→ INFORMATION SUPPLIED
+ + +

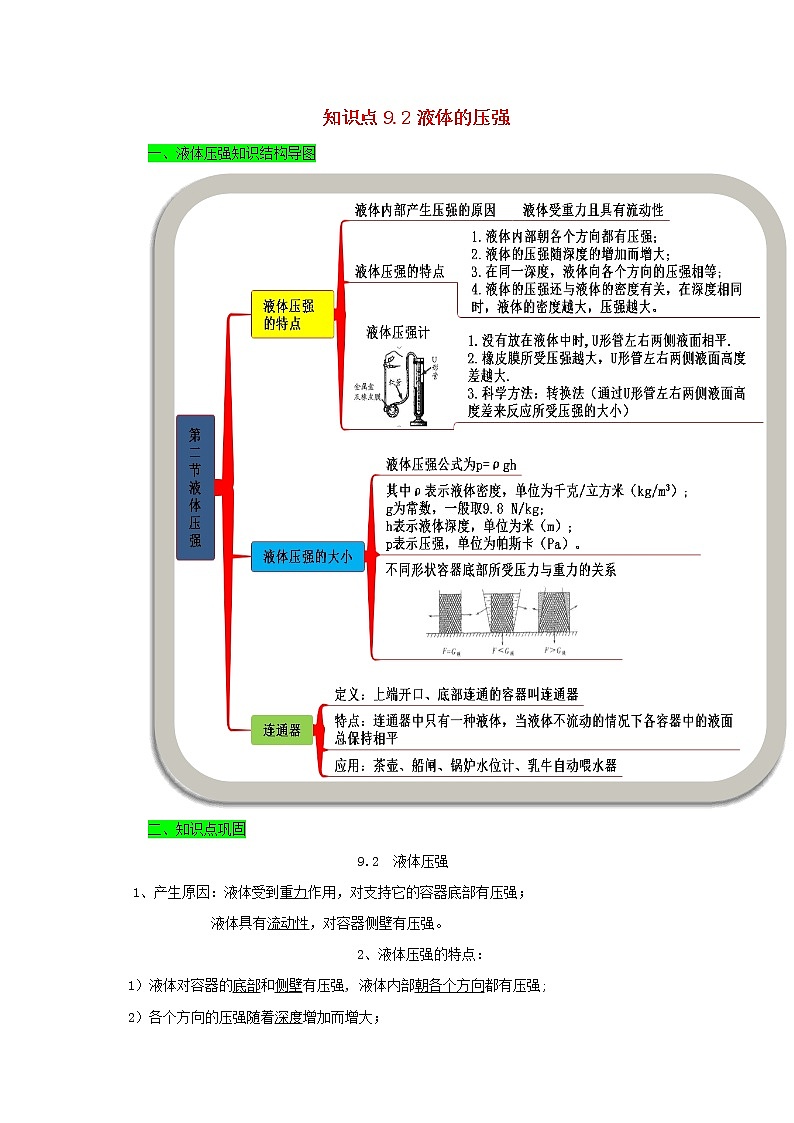 2019_2020学年八年级物理下册9.2液体的压强期末复习精练含解析新版新人教版第1页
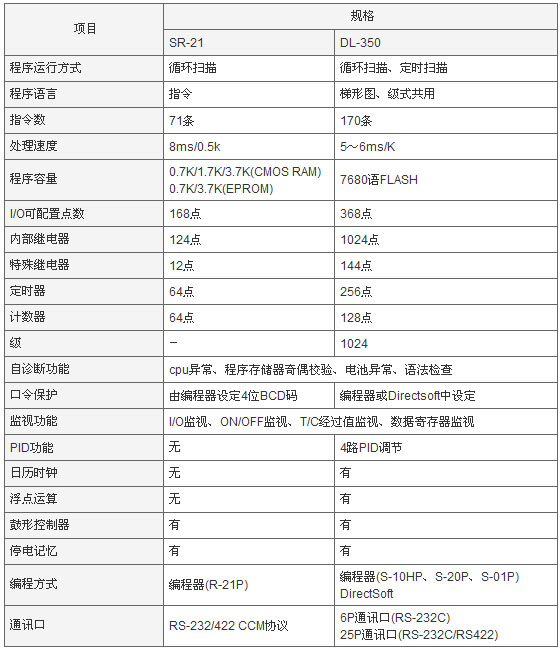 7/200707181006043784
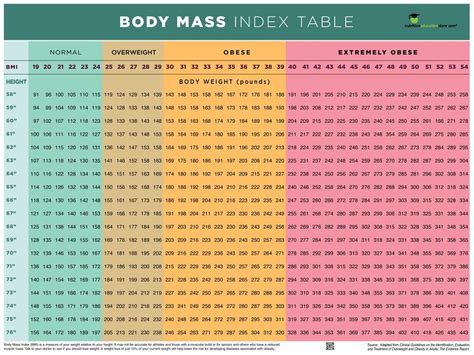 Buy Nutrition Education Store BMI Poster BMI Chart Poster Body Mass Index Poster X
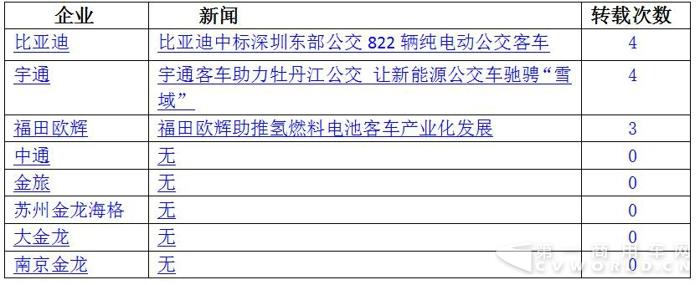 比亚迪中标 宇通中通斩获大单 9月新能源客车热度大减5.jpg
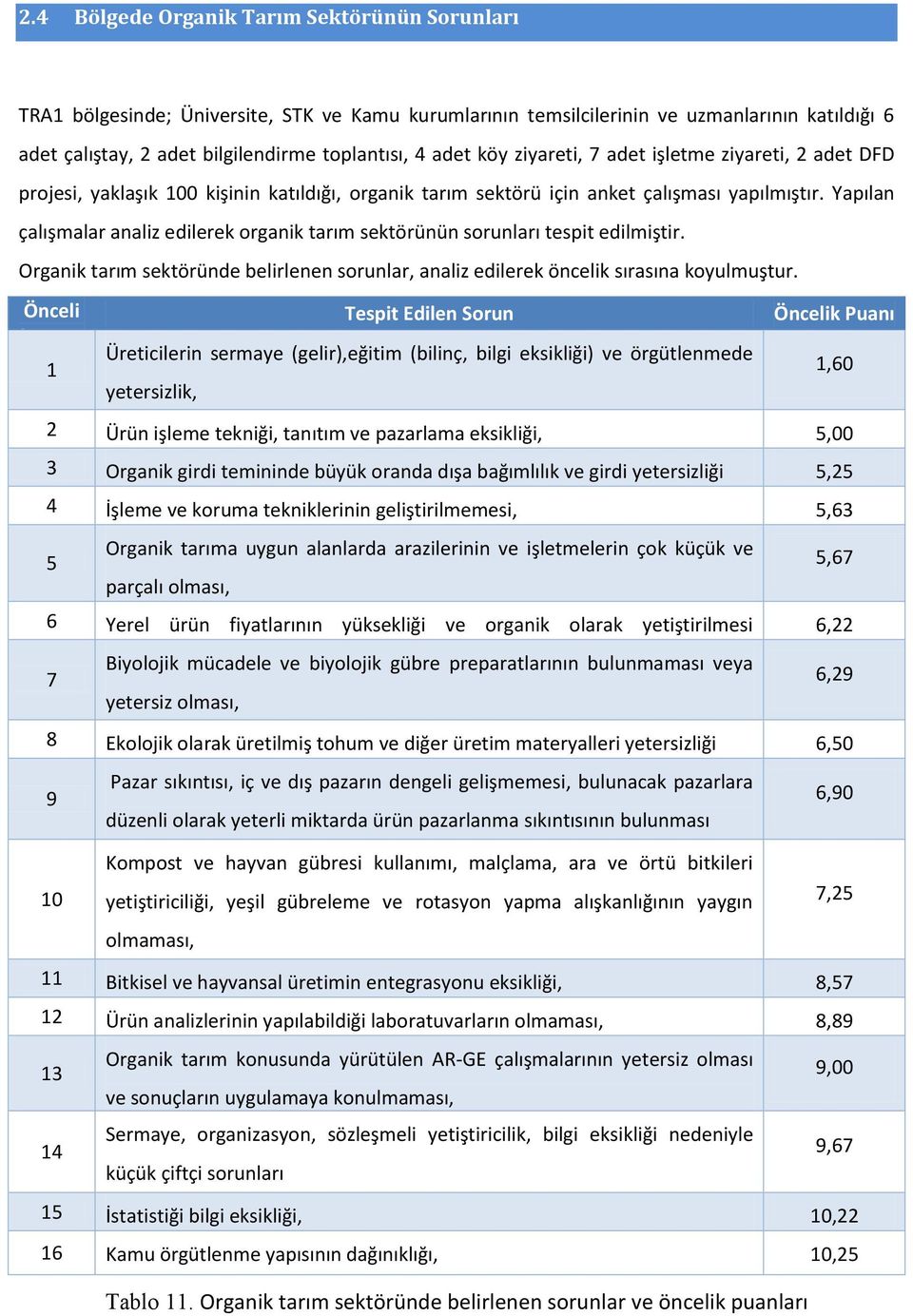 Yapılan çalışmalar analiz edilerek organik tarım sektörünün sorunları tespit edilmiştir. Organik tarım sektöründe belirlenen sorunlar, analiz edilerek öncelik sırasına koyulmuştur.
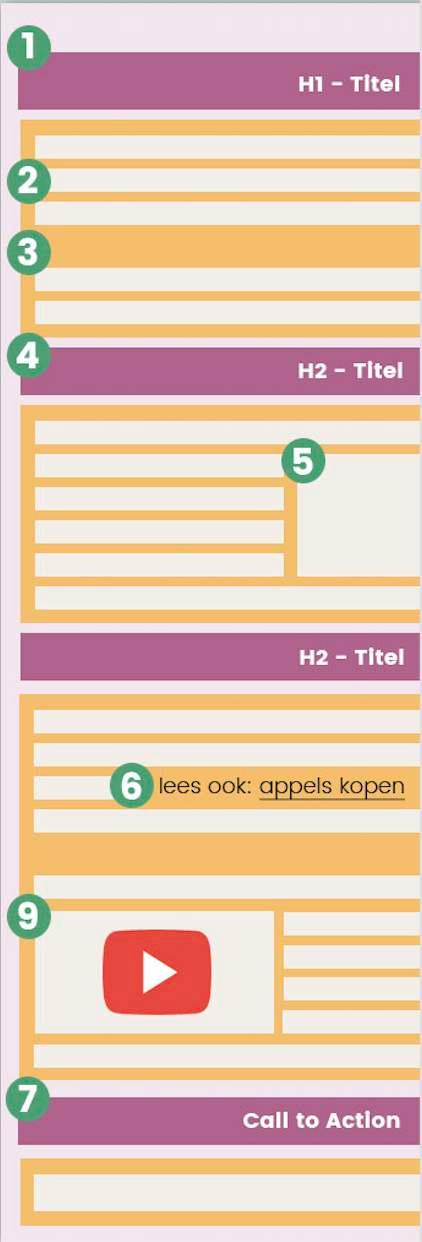 De URL (op dit adres staat je website) De URL van je blog moet goed in elkaar zitten. Niet: domeinnaam.nl/09/categorie/15/appels Wel: domeinnaam/appels of domeinnaam.
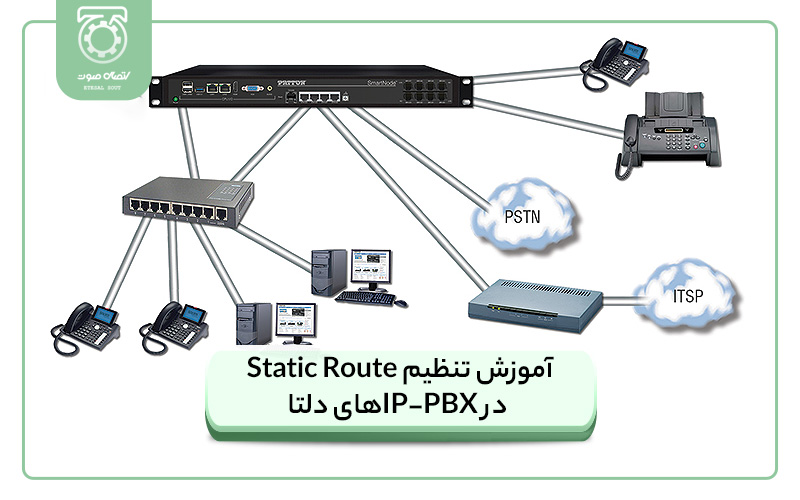 آموزش تنظیم Static Route در IP-PBXهای دلتا
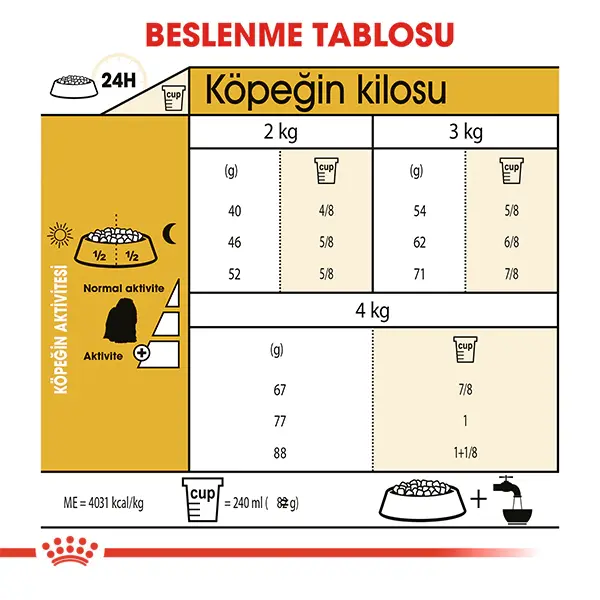 ROYAL CANIN MALTESE BICHON MALTAIS YETISKIN KÖPEK MAMASI 1.5 KG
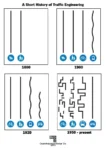 Four images labelled "a short history of traffic engineering".  First image (year 1800) is a graph of horses and people walking. Both get a straight line of movement.  Second image (year 1900) adds bikes and street cars. All get a straight line of movement, apart from the street car that gets a slightly wavy path.  The third image (year 1920) replaces horses with personal cars. Things remain otherwise the same, and the cars the a very wavy line for movement.  The last image (1950s onwards) has replaced the street car with a bus. Bike gets a broken line that zigzags chaotically. Same for pedestrians, and the line is dotted with crosswalks. The bus is also a semi-chaotic jumble of lines. Lastly the personal car has a direct straight line of access.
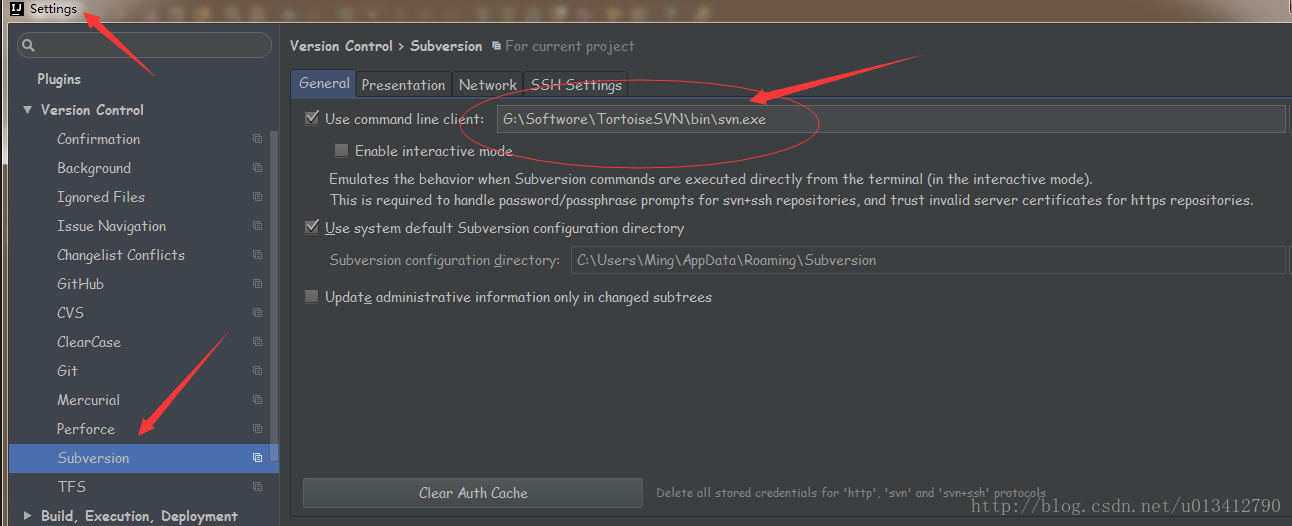 IntelliJ IDEA下的SVN使用(傻瓜式教學)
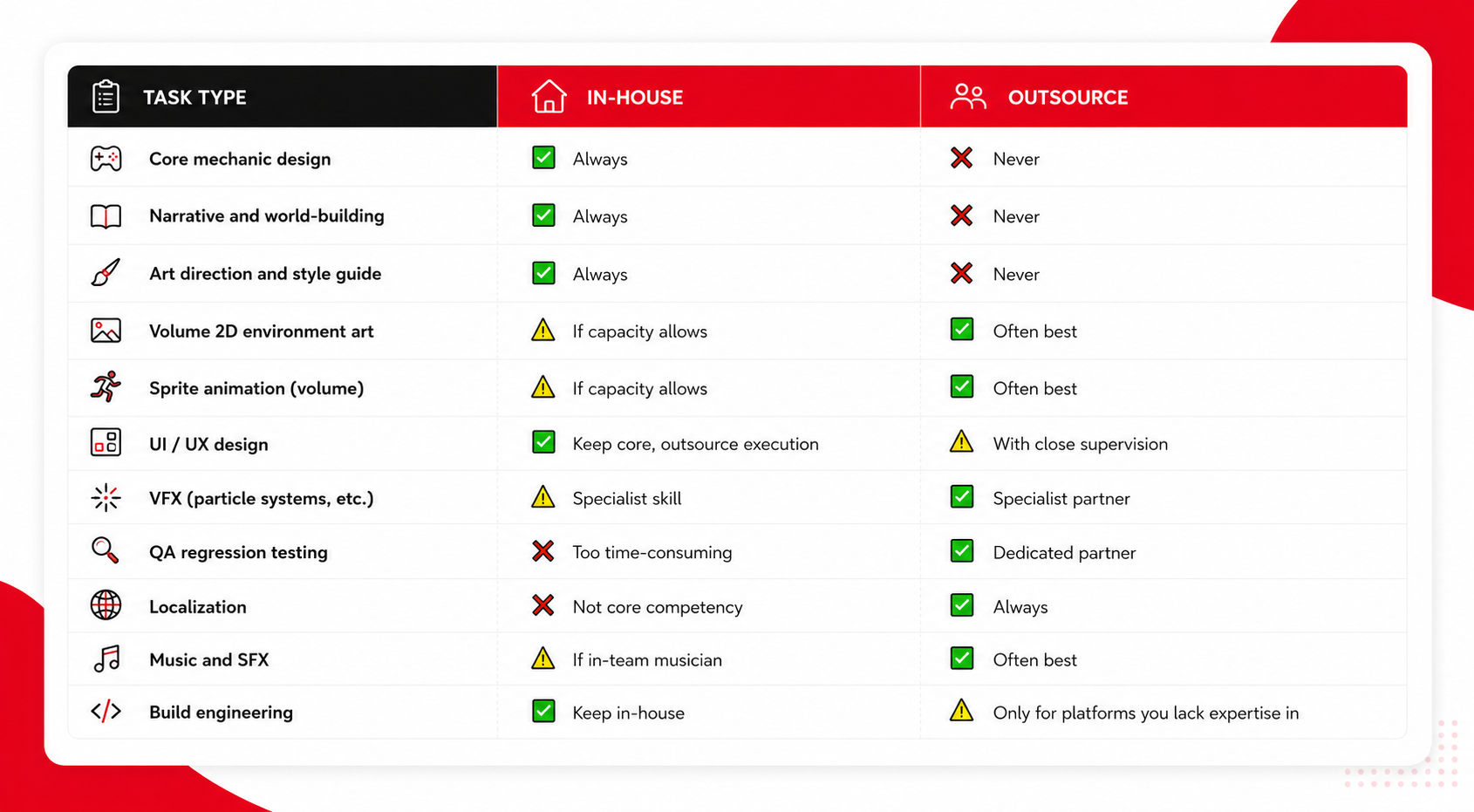In-house vs outsource task comparison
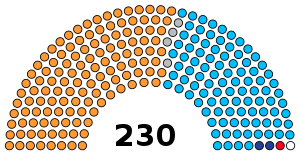 Madhya Pradesh Assembly 2020.svg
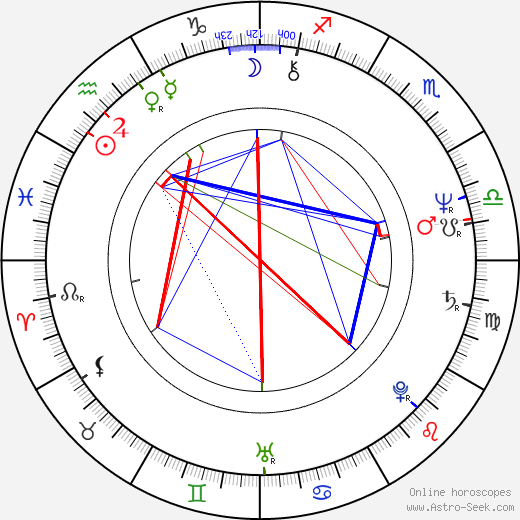 Michael Ironside birth chart, Michael Ironside astro natal horoscope, astrology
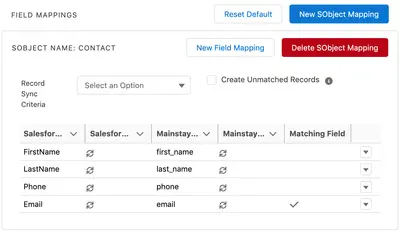 Mainstay Sync for Salesforce for Salesforce — screenshot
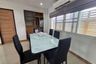 3 Bedroom House for rent in San Kamphaeng, Chiang Mai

+ + +

→ WHAT YOU NEED TO DO
Give the lines from the one containing "In-house vs outsource task comparison" through the final line of the material again, exactly and in full, but without pictures.

→ TASK RESPONSE
In-house vs outsource task comparison
 Madhya Pradesh Assembly 2020.svg
 Michael Ironside birth chart, Michael Ironside astro natal horoscope, astrology
 Mainstay Sync for Salesforce for Salesforce — screenshot
 3 Bedroom House for rent in San Kamphaeng, Chiang Mai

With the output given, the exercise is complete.